» Data shown:
○ ○ ○ ○

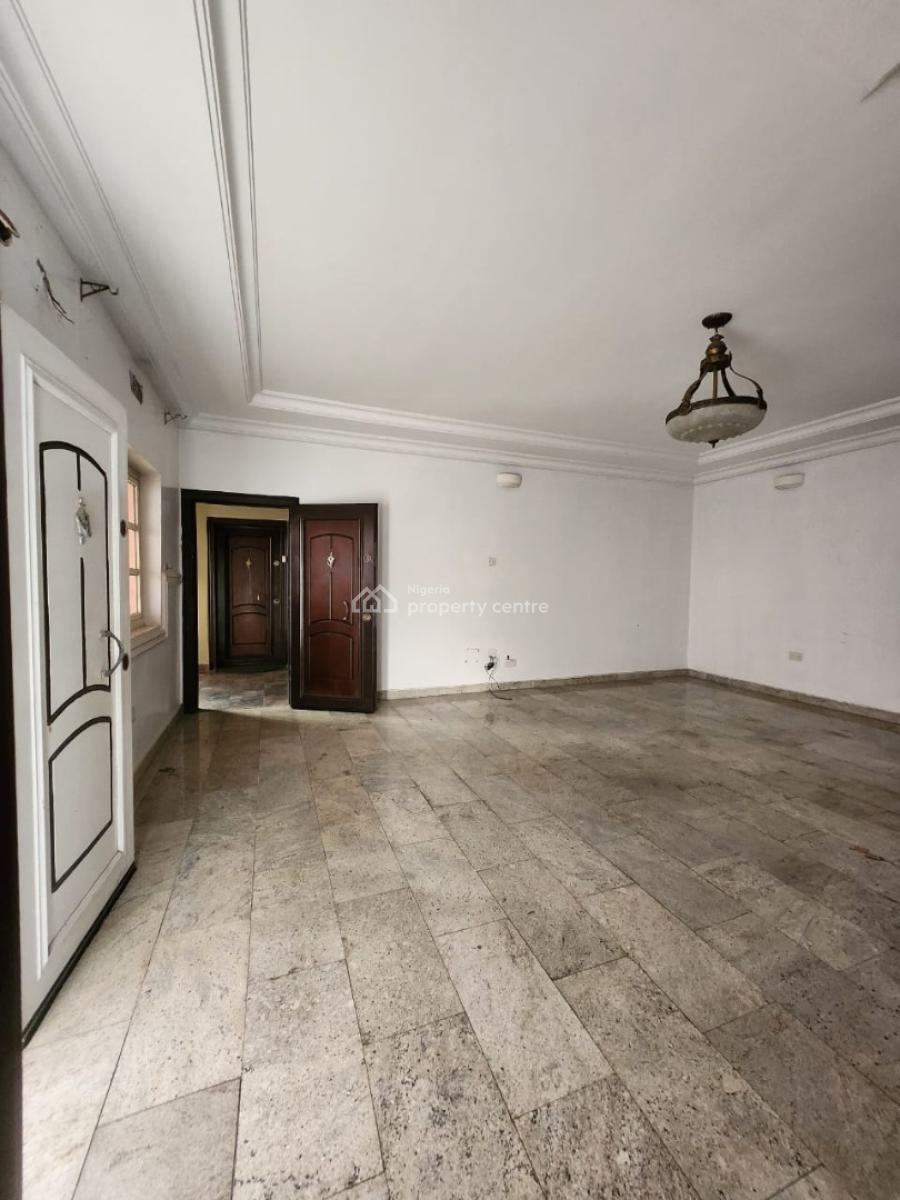 a Massively Built Fully Serviced 3 Bedroom Flat, Osapa, Lekki, Lagos, Flat / Apartment for Rent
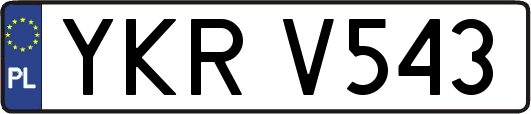 YKRV543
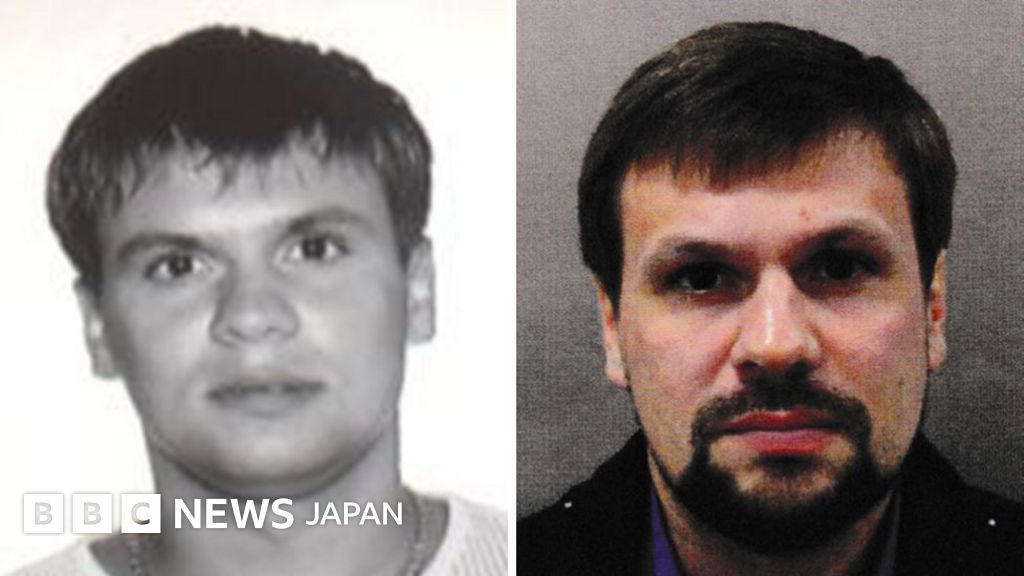 ロシア元スパイ 容疑者の身元特定と調査サイト ロ情報機関の大佐か cニュース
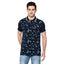 Duke Stardust Men Half Sleeve Cotton Tshirt (MTLF218)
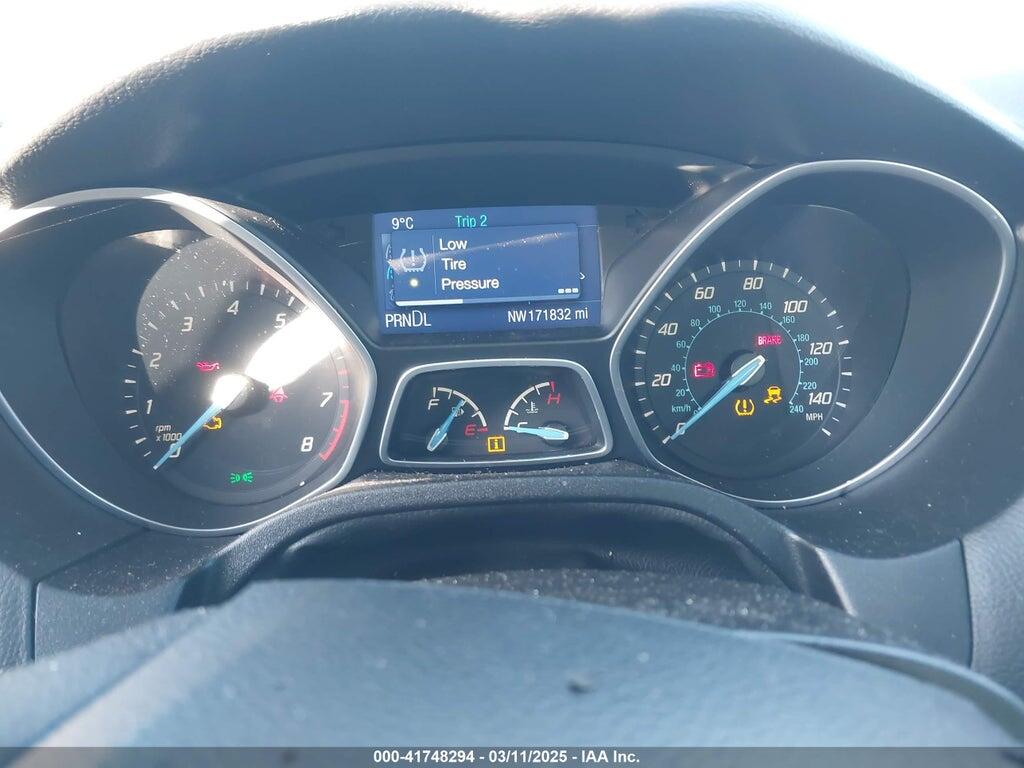 1FADP3E25EL221467 2014 FORD FOCUS photo no. 7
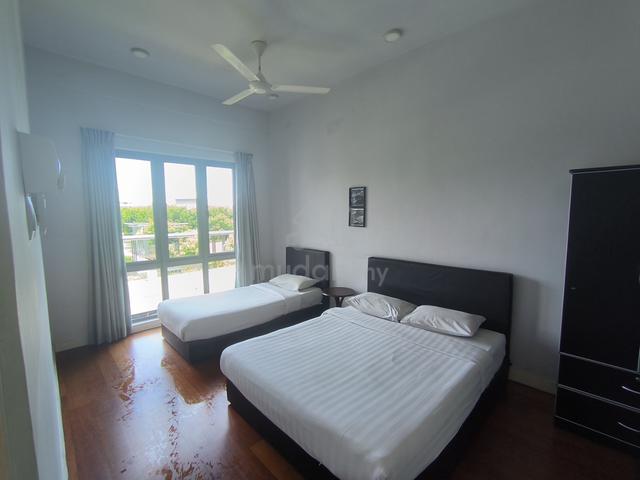 The Loft @ KK Times Square 1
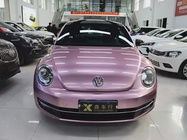 Volkswagen Beetle 2012
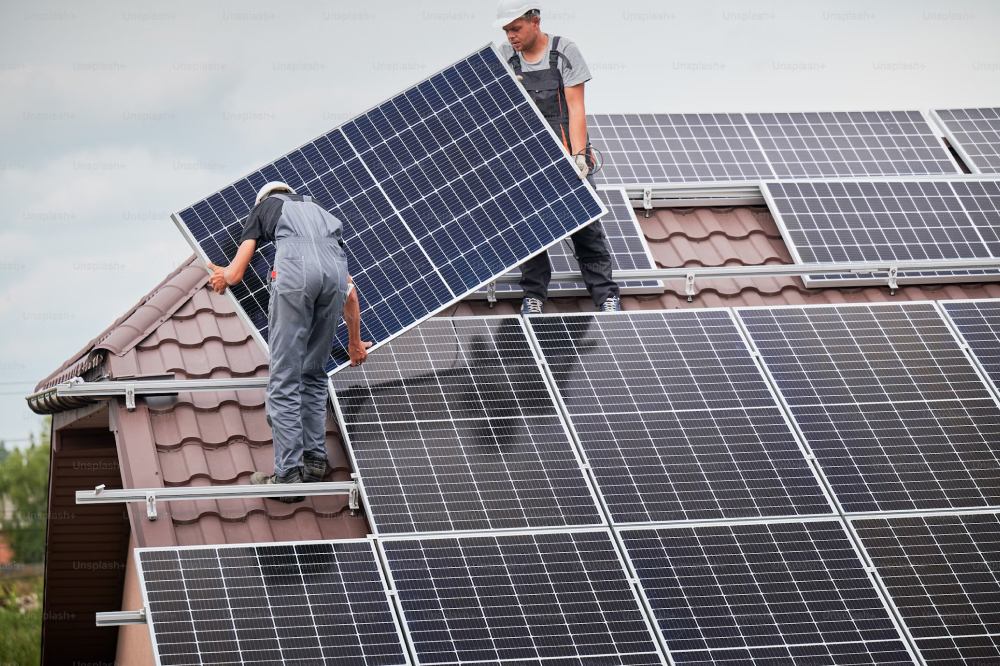 Residential Solar Solutions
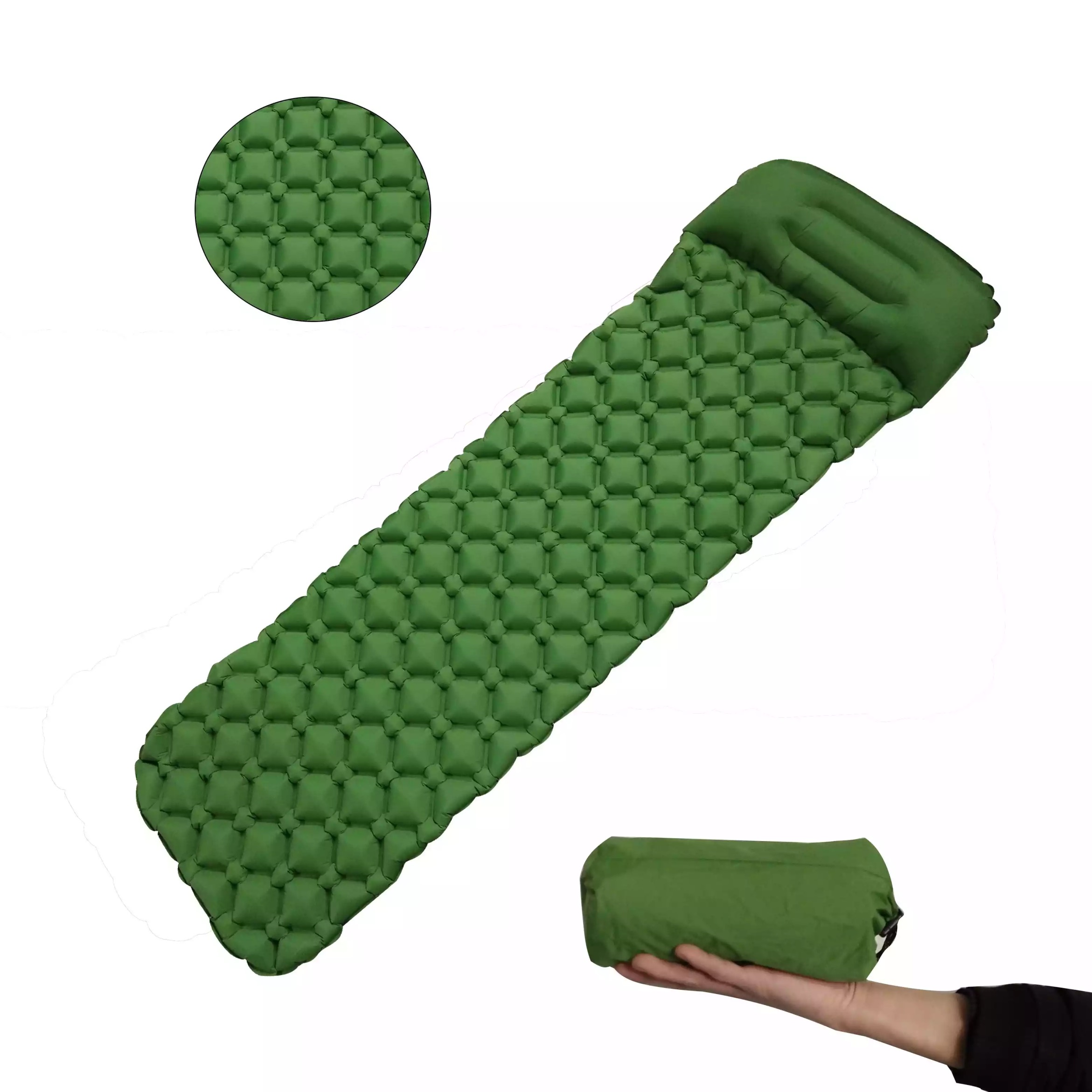 Self Inflatable Sleeping Pad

○ ○ ○ ○

» Goal of the exercise:
Extract only the lines from the line containing "1FADP3E25EL221467 2014 FORD" through the final line of the listing above, unchanged; pictures stay out of the copy.

» Result below:
 1FADP3E25EL221467 2014 FORD FOCUS photo no. 7
 The Loft @ KK Times Square 1
 Volkswagen Beetle 2012
 Residential Solar Solutions
 Self Inflatable Sleeping Pad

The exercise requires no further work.